Mais, dira quelqu’un, Jésus-Christ ruine cette interprétation, en ajoutant : « Le Fils ne peut rien faire de lui-même ». Que dites-vous ? c’est tout le contraire : loin de nier l’égalité par ces mêmes paroles que vous alléguez, il l’établit et la confirme. Renouvelez votre attention, mes frères, la question est très-considérable et très-importante. Cette expression : « De lui-même », se rencontre souvent dans l’Écriture, où elle s’applique, et à Jésus-Christ, et au Saint-Esprit ; il en faut donc connaître la valeur et la force, pour ne pas tomber dans de très-grandes et de très-grossières erreurs. En effet, si vous la prenez dans le premier sens qu’elle présente, quelles absurdités ne s’en suivra-t-il pas ? Faites-y attention. L’Écriture n’a point dit que Jésus-Christ pouvait faire certaines choses de lui-même, et qu’il n’en pouvait pas faire d’autres ; mais elle dit en général : « Le Fils ne peut rien faire de lui-même (19) ».

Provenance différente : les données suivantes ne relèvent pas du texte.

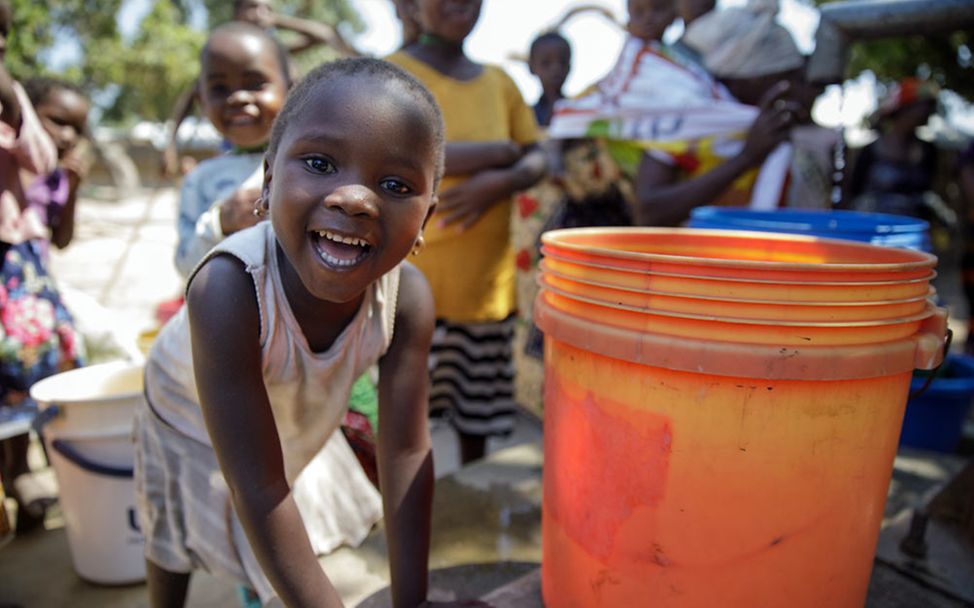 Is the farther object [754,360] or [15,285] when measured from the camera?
[15,285]

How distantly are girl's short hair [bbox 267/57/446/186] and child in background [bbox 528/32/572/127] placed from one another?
3.02m

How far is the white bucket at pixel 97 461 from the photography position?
196 cm

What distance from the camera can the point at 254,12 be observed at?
375 cm

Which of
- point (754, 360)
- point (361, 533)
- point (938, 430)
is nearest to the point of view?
point (754, 360)

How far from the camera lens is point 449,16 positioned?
7.23 ft

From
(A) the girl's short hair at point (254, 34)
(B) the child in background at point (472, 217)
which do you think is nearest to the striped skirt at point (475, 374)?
(B) the child in background at point (472, 217)

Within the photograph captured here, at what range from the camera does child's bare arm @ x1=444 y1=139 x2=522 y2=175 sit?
7.07 feet

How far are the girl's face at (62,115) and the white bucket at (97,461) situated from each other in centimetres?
120

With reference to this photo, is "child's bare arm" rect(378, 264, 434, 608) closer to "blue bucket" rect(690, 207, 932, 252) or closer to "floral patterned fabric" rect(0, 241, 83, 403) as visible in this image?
"blue bucket" rect(690, 207, 932, 252)

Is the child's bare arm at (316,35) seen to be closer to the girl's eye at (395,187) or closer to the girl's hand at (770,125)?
the girl's hand at (770,125)

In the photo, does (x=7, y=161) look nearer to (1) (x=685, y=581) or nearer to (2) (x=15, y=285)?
(2) (x=15, y=285)

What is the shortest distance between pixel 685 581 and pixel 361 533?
99 cm

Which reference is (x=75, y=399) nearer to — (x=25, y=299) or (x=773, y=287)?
(x=25, y=299)

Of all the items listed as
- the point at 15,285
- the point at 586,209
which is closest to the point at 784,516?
the point at 586,209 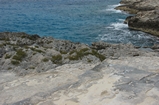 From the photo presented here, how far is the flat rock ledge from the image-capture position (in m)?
11.7

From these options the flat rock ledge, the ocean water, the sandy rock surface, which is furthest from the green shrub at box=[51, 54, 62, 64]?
the ocean water

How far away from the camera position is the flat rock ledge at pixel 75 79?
38.3 feet

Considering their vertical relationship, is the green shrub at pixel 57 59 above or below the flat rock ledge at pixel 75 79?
above

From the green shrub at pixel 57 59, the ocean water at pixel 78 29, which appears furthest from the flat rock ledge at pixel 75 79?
the ocean water at pixel 78 29

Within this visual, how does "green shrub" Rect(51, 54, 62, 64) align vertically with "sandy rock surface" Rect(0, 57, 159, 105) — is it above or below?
above

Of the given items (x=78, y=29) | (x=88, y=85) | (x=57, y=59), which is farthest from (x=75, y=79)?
(x=78, y=29)

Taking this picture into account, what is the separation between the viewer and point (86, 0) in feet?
374

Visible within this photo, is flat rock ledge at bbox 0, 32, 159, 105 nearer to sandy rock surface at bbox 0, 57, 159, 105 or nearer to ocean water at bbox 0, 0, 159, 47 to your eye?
sandy rock surface at bbox 0, 57, 159, 105

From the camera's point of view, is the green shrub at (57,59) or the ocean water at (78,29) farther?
the ocean water at (78,29)

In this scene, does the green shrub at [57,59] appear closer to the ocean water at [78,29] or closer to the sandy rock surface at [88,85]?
the sandy rock surface at [88,85]

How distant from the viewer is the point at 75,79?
14.2 meters

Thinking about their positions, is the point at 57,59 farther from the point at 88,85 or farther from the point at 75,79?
the point at 88,85

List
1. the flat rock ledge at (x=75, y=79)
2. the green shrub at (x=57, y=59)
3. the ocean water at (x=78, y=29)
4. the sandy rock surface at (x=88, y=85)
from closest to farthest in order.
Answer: the sandy rock surface at (x=88, y=85)
the flat rock ledge at (x=75, y=79)
the green shrub at (x=57, y=59)
the ocean water at (x=78, y=29)

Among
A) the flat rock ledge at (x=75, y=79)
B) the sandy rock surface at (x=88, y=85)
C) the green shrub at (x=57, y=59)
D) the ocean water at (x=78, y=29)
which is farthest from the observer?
the ocean water at (x=78, y=29) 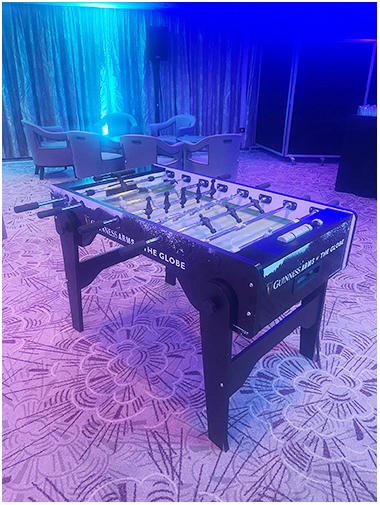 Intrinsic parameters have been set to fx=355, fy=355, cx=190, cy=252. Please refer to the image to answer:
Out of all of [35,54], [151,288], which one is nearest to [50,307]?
[151,288]

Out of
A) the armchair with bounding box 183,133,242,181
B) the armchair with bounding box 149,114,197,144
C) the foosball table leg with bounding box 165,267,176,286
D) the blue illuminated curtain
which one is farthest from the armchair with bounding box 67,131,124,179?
the foosball table leg with bounding box 165,267,176,286

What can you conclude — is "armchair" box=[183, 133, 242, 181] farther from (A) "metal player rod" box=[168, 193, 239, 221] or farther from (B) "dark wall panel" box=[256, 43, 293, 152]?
(B) "dark wall panel" box=[256, 43, 293, 152]

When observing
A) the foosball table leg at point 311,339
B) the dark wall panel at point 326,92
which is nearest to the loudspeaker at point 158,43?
the dark wall panel at point 326,92

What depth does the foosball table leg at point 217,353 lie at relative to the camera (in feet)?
3.93

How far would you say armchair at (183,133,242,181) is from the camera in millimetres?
4094

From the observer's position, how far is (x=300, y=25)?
621 cm

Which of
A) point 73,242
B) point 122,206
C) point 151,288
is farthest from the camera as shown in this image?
point 151,288

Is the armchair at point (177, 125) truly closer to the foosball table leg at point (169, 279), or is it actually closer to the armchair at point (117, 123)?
the armchair at point (117, 123)

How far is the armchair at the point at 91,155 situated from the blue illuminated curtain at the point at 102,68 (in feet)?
7.29

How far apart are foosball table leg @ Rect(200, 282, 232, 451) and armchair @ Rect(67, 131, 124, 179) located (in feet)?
11.9

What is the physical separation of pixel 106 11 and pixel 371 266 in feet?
19.9

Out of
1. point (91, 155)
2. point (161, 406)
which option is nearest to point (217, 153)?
point (91, 155)

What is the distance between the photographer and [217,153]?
13.7 feet

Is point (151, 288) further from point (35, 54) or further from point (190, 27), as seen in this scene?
point (190, 27)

4. Nous ferons donc cette demande à notre contradicteur : Jésus-Christ, selon vous, ne peut donc rien faire de lui-même ? S’il répond Non, nous repartirons : Mais il a fait le plus grand de tous les biens par lui-même ; saint Paul le crie et le publie hautement : « Qui étant l’image de Dieu », c’est de Jésus-Christ qu’il parle, « n’a point cru que ce fût pour lui une usurpation d’être égal à Dieu : mais il s’est anéanti lui-même, en prenant la « forme de serviteur ». (Phil. 2,6-7) Et encore : Jésus-Christ lui-même dit ailleurs : « J’ai le pouvoir de quitter la vie, et j’ai le pouvoir de la reprendre, et personne ne me la ravit : c’est de moi-même que je la quitte », (Jn. 10,18) Ne voyez-vous pas que celui qui s’est anéanti lui-même, en prenant de lui-même notre chair, a en son pouvoir et la mort et la vie ? Et que dis-je de Jésus-Christ ? Nous qui sommes ce qu’il y a de plus vil et de plus abject, nous faisons toutefois bien des choses de nous-mêmes ; de nous-mêmes nous choisissons le vice, de nous-mêmes nous pratiquons la vertu. Que si nous ne faisons pas ce choix de nous-mêmes, et si nous n’en avons pas le pouvoir, le péché ne saurait nous précipiter dans l’enfer ; ni les bonnes œuvres nous ouvrir le royaume des cieux. Donc, cette parole : « Jésus-Christ ne peut rien faire de lui-même », ne signifie autre chose, sillon qu’il ne peut rien faire de contraire à son Père, rien d’opposé, rien d’étranger : ce qui marque justement l’égalité et une parfaite union.
Et pourquoi Jésus-Christ n’a-t-il pas dit le Fils ne fait rien de contraire, mais : il ne peut pas faire ? c’est encore pour montrer par là une parfaite égalité. Car par cette expression l’Écriture ne désigne pas une faiblesse, mais elle fait voir sa grande puissance. En effet, saint Paul aussi parle ailleurs du Père en ces mêmes termes : « Afin qu’étant appuyés sur ces deux choses inébranlables, par lesquelles il est impossible que Dieu nous trompe ». (Héb. 6,18) Et derechef : « Si nous le renonçons[1], il demeure fidèle ; car il ne peut pas se contredire lui-même ». (2Tim. 2,13)

  1. « Si nous le renonçons ». Mon texte le porte de même. Saint Chrysostome le prend du verset précédent. Ainsi que nous lisons dans les textes grec et latin du Nouveau Testament, il faudrait dire : Si nous sommes infidèles. Mais la pensée est toujours le même.